Reports with values {None} contain in the mail_res column this:

message transmission error (552 5.3.4 Error: message file too big)
Server said: 552 5.3.4 Error: message file too big

The emails with prepended spaces is caused by the same issue as #7215, so that issue should be solved first.

I think we should keep the mail_to column. After adding mail_cc column, this would solve #7257.

Actions

Copy link

Updated by Rajmund Hruška over 3 years ago

Status changed from In Progress to Feedback

Actions

Copy link

Updated by Pavel Kácha over 3 years ago

The first question is - it this information actually accessed/used somewhere after write?

In relation to #7257, do I understand it right that this column bears third type of information - what emails the report actually went to, and that this may diverge from what was in the mail headers?

Actions

Copy link

Updated by Rajmund Hruška over 3 years ago

Pavel Kácha wrote in #note-6:

The first question is - it this information actually accessed/used somewhere after write?

Yes. The values of this this attribute/array are shown in the detail of a report, in the tab 'Metadata', row 'Target email'.

In relation to #7257, do I understand it right that this column bears third type of information - what emails the report actually went to, and that this may diverge from what was in the mail headers?

Correct, it stores actual email addresses that the report went to. So for example, on mentat-alt there is always 'root'. Mail headers change either because of the configuration setting or because the abuse group has option 'report redirection' enabled.

Actions

Copy link

Updated by Pavel Kácha over 3 years ago

So - correct solution after discussion would be:

we should not have two values representing one state, so let's settle on empty array for generated but unsent reports and migrate column to not null (and update null -> [])
repair known wrong values (strip leading/trailing whitespace, 'none', or maybe check nonconforming emails), where we are pretty sure we won't break good data

Of course, depends on what worms are going to crawl from the can, we can stil reconsider.

Actions

Copy link

Updated by Rajmund Hruška over 3 years ago

% Done changed from 0 to 90

Pavel Kácha wrote in #note-8:

So - correct solution after discussion would be:

we should not have two values representing one state, so let's settle on empty array for generated but unsent reports and migrate column to not null (and update null -> [])

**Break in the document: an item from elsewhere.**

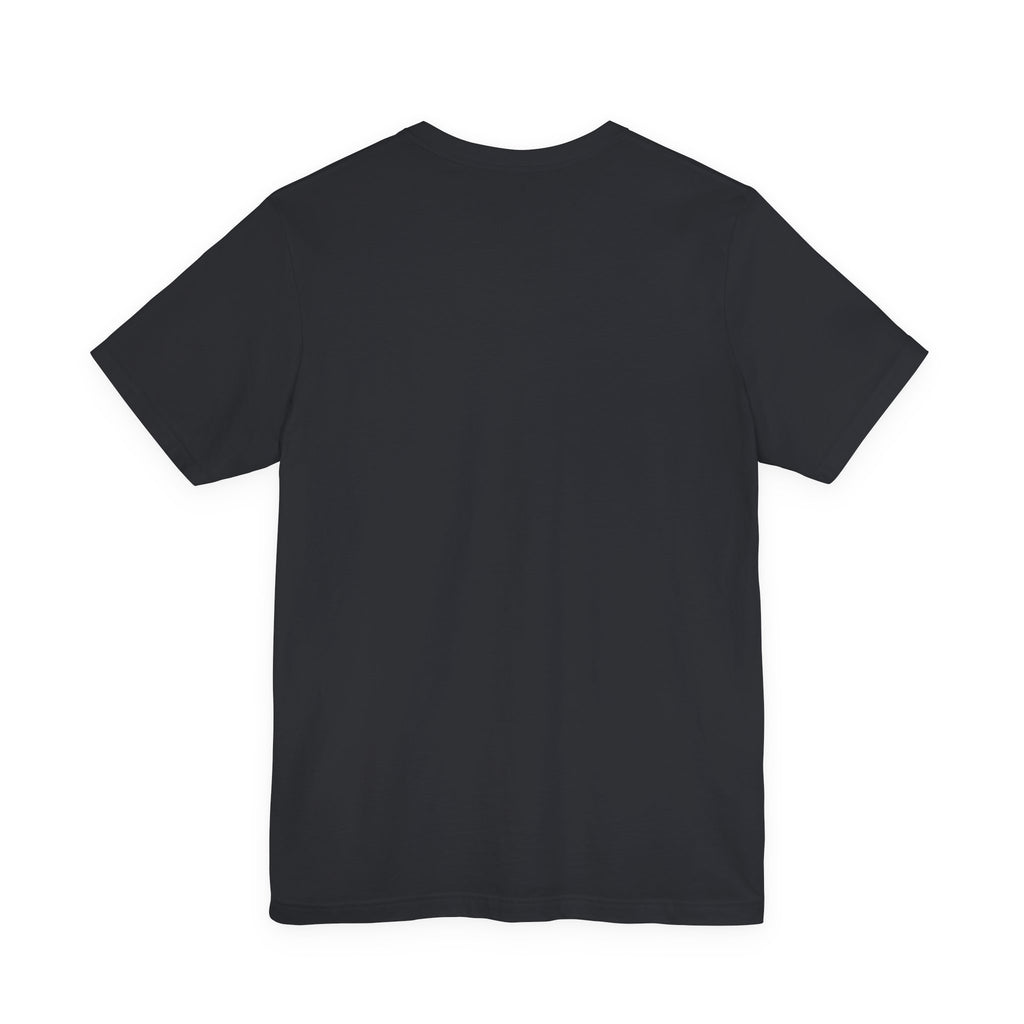 made for more tee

repair known wrong values (strip leading/trailing whitespace, 'none', or maybe check nonconforming emails), where we are pretty sure we won't break good data

Of course, depends on what worms are going to crawl from the can, we can stil reconsider.

I tried solving this issue and I came up with following code. I don't feel confident in writing efficient SQL queries, so can someone check this code?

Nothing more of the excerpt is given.